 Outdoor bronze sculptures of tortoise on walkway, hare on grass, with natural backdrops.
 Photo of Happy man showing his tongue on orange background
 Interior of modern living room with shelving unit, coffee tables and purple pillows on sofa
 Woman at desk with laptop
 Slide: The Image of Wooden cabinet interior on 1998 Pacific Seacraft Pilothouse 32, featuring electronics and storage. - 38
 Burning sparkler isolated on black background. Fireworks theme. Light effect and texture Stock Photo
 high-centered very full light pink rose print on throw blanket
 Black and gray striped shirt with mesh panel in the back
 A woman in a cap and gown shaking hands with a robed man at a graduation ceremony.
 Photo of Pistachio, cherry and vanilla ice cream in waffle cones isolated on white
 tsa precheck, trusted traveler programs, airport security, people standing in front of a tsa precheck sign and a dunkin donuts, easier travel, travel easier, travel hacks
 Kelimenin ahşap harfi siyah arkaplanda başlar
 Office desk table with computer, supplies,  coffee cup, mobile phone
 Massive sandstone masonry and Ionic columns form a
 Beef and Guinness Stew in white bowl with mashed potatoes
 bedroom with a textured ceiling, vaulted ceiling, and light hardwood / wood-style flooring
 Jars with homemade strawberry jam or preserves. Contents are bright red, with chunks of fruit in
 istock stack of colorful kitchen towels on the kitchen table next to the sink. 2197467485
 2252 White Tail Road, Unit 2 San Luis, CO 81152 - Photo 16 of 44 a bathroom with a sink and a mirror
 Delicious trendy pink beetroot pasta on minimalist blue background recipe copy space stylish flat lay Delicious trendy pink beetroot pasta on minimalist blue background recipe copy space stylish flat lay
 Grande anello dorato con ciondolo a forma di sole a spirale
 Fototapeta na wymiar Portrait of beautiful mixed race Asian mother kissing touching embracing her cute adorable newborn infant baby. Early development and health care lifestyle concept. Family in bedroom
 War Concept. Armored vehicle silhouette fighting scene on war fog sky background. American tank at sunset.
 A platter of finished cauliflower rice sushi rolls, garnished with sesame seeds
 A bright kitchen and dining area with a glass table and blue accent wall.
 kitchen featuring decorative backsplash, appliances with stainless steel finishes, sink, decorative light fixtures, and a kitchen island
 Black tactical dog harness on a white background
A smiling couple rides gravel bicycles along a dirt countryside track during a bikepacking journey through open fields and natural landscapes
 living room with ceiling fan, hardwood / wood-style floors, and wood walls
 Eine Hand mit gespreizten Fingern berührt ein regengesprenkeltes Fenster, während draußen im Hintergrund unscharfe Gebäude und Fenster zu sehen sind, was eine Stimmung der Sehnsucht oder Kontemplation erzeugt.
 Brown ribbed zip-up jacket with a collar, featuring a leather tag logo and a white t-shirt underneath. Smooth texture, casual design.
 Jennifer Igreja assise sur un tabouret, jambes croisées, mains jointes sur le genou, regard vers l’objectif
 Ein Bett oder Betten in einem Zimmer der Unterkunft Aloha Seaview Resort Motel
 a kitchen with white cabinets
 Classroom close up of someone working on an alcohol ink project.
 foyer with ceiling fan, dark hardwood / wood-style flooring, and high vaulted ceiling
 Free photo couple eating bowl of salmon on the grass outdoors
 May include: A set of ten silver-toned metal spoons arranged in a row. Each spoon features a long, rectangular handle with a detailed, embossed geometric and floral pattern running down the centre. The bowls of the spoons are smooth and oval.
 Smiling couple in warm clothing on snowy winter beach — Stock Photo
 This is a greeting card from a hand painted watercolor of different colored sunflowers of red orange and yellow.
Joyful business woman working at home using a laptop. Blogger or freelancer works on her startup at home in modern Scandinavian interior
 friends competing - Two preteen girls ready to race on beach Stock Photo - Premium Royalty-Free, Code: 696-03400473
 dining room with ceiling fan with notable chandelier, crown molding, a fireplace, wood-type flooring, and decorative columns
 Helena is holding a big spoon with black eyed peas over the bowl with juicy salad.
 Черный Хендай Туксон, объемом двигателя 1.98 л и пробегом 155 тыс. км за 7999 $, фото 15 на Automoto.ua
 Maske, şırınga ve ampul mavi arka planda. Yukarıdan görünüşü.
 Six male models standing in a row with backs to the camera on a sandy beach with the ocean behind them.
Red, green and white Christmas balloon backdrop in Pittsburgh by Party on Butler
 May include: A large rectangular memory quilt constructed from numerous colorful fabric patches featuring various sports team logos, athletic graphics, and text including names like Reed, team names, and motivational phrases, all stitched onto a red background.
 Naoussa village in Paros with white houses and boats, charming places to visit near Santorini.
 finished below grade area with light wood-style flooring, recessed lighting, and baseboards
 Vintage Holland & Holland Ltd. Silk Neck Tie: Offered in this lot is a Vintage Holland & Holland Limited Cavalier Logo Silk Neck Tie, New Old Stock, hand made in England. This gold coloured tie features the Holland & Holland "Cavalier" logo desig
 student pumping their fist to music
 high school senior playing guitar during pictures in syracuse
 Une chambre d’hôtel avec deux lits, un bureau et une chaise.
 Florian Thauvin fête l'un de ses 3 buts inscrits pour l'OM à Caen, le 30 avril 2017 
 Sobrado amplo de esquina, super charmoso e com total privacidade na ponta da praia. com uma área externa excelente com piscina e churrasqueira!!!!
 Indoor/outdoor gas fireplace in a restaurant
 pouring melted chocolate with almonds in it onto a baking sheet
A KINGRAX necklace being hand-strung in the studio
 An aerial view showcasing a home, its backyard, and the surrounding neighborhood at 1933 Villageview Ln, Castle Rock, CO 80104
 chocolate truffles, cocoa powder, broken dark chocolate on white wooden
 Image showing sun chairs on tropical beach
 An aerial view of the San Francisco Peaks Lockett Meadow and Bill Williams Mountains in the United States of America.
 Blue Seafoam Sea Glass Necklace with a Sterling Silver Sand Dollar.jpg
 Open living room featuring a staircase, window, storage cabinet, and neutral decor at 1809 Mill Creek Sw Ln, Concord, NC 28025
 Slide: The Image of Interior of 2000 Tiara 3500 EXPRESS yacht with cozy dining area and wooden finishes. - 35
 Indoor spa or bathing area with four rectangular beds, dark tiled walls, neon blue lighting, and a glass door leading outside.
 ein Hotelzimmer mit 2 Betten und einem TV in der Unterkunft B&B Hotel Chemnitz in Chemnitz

====

The problem -> From the records above, give again exactly the lines running from the line with "A platter of" to the line with "Black tactical dog", inclusive.

Exercise answer ->
 A platter of finished cauliflower rice sushi rolls, garnished with sesame seeds
 A bright kitchen and dining area with a glass table and blue accent wall.
 kitchen featuring decorative backsplash, appliances with stainless steel finishes, sink, decorative light fixtures, and a kitchen island
 Black tactical dog harness on a white background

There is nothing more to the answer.